= Jane Voss =

English highwayrobber and thief (d. 1684)

Jane Voss alias Jane Roberts (d. 1684), was an English highwayrobber and thief.

She was reputedly born in St Giles-in-the-Fields in London. She engaged in highway robbery with multiple male accomplices, at least seven of whom were executed. She herself was widely known in London, having been brought to court and condemned several times. She was condemned to penal transportation, but returned to London after it was served and continued her criminal career. She plead her belly and stayed imprisoned for a long time. She was finally executed in London on 19 December 1684.

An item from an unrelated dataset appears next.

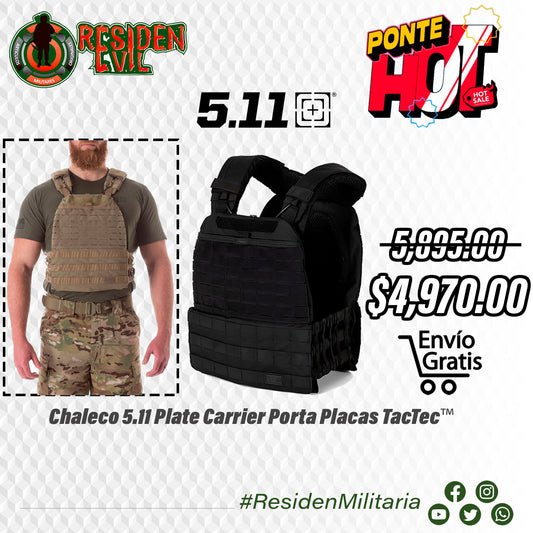 Chaleco 5.11 Plate Carrier Porta Placas TacTec Color Ranger Green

Jane Voss was famous in her lifetime and was the subject of several pamphlets describing her life and career, the most famous being "The German Princess Revived, or, The London Jilt" (1684), and "True account of the behaviour, confessions, and last dying words, of Capt. James Watts, Capt. Peter Barnwell, Daniel D'Coiner alias Walker, Richard Jones, and Jane Voss alias Roberts who were executed at Tyburn, on the 19th of December 1684. for robbing on the high way, high treason, murther, and fellony, &c. Printed by order, &c." [London: printed by E.R. for R. Turner at the Star in St. Pauls Church-yard, 1684]. She was the subject of several legends about her life.